Just … being curious.
Enter: ‘Calling the Curious’
This is the one we’re going with.
The Zimmerman team described the campaign as a “rallying cry” — something broad enough to flex across audiences: families, sports fans, music aficionados, outdoor adventurers, indoor cats, etc. The first round of creative materials (shown in draft AI-rendered form at the reveal party — I swear I spotted a Sasquatch on a mountain bike) leaned hard into curiosity as both theme and tone. The full rollout of “Calling the Curious” will ramp up in the months ahead.
Alyssa Sloan, Visit Knoxville’s senior director of marketing, explained the thinking behind the choice.

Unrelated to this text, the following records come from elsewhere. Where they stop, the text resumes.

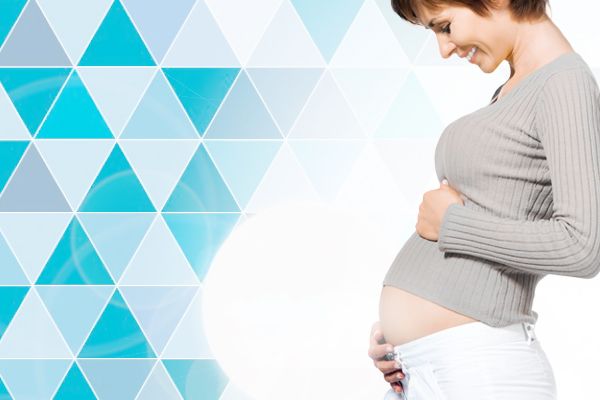 �����Ϊ����������  ���Ǻ갮ҽѧ�������ڵ��㣡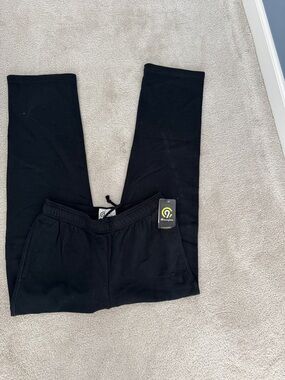CHAMPION fleece sweat pants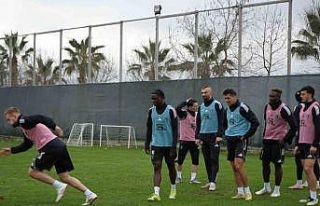 Gökhan Değirmenci’den Skriniar açıklaması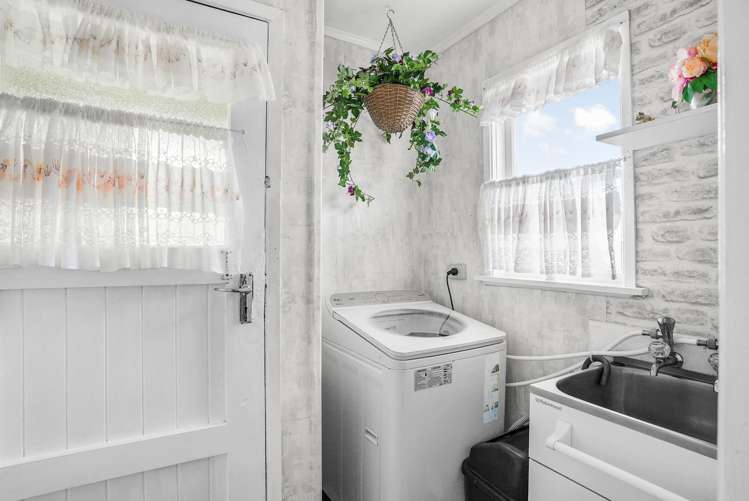 124 Wise Street Wainuiomata_11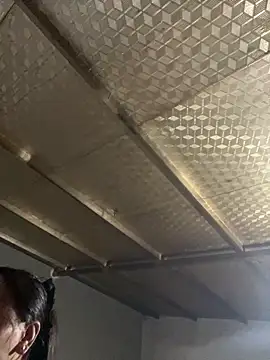Suki-love webcam
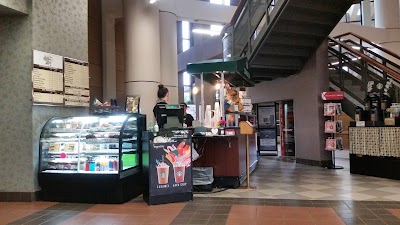 Photos of The Coffee Zone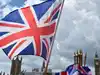 Economy at risk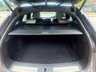 USED 2017 11 LAND ROVER RANGE ROVER VELAR 3.0 SD6 V6 First Edition SUV 5dr Diesel Auto 4WD Euro 6 (s/s) (300 ps) FSH/MASSIVE SPEC/PANO/HUD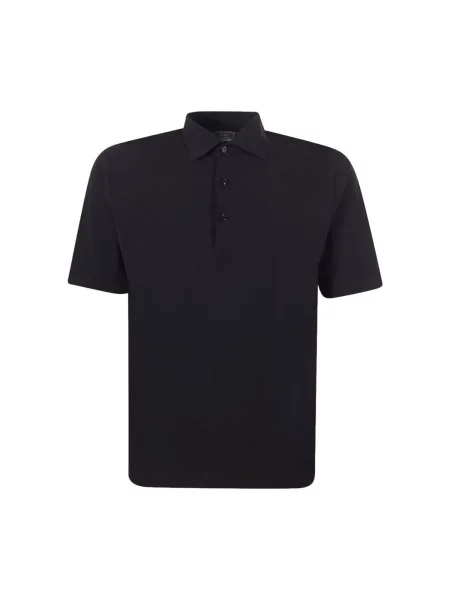Tricou Herno negru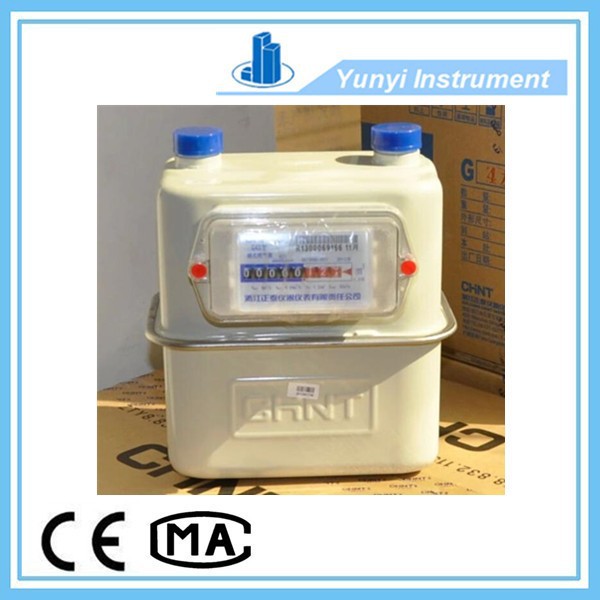 g4sg4窒素ガス流量計-ガスメーター問屋・仕入れ・卸・卸売り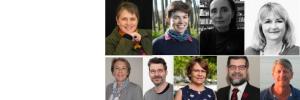 SU Teaching Fellowship 2021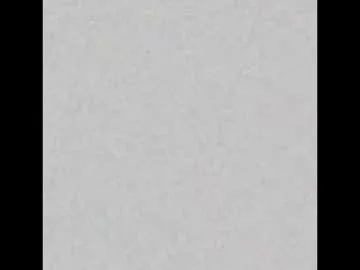 kashvi_ – webcam model profile photo Image 10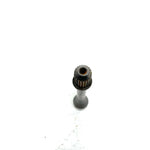 2002 Honda Foreman Rubicon 500 4x4 OEM Rear Drive Prop Shaft 40201-HM8-000 AH85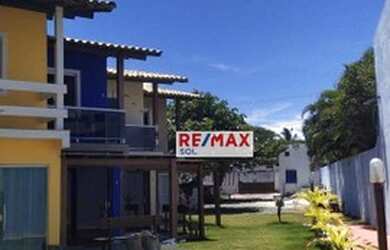 Imagem 6: Village para Locação, 90 m² por R$ 2.500/mês - Jauá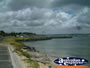 View of Portland Beach . . . CLICK TO ENLARGE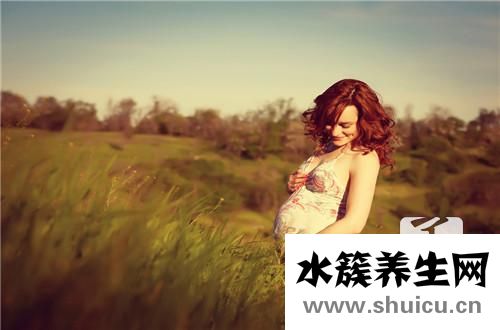 孕婦能不能用護(hù)膚品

Unlike the laundry-list approach of the previous campaign, “Calling the Curious” is an open-ended invitation. “This new direction works to welcome all to explore whatever they find interesting as they visit Knoxville,” she said. “Like who among us, for example, is not curious about the Sunsphere, especially those mysterious upper floors?”
That got a laugh. But also… seriously, what is up there.
Knoxville contains multitudes. Maybe you’re curious about opera, or the Urban Wilderness, or both. “The truth is,” Sloan said, “Knoxville has endless experiences on tap, and this tagline aims to invite all types of explorers to see that for themselves.”
Visually, the tagline is displayed in a bold but quirky font on a banner — something that looks halfway between a Wes Anderson title card and birthday bunting for a fairy garden. It’s not slick or glossy; it’s proud, charming and a little offbeat. Sort of like Knoxville itself. Fly your lil freak flag, Knoxville!
Knoxville might not be the “scruffy little city” it once was. But as more folks catch on to our secret sauce, it feels like the right time to double down on what makes us us. Local musician Todd Steed sang, about North Knoxville, “It’s the last place in America that ain’t trying to be somewheres else.” I think we can extend that blessing outward. At our best, Knoxville isn’t trying to be Chattanooga, Asheville or (lord knows) Nashville. We don’t have to try too hard, or pretend. We can just keep calling the curious — and trust they’ll find plenty worth discovering when they get here.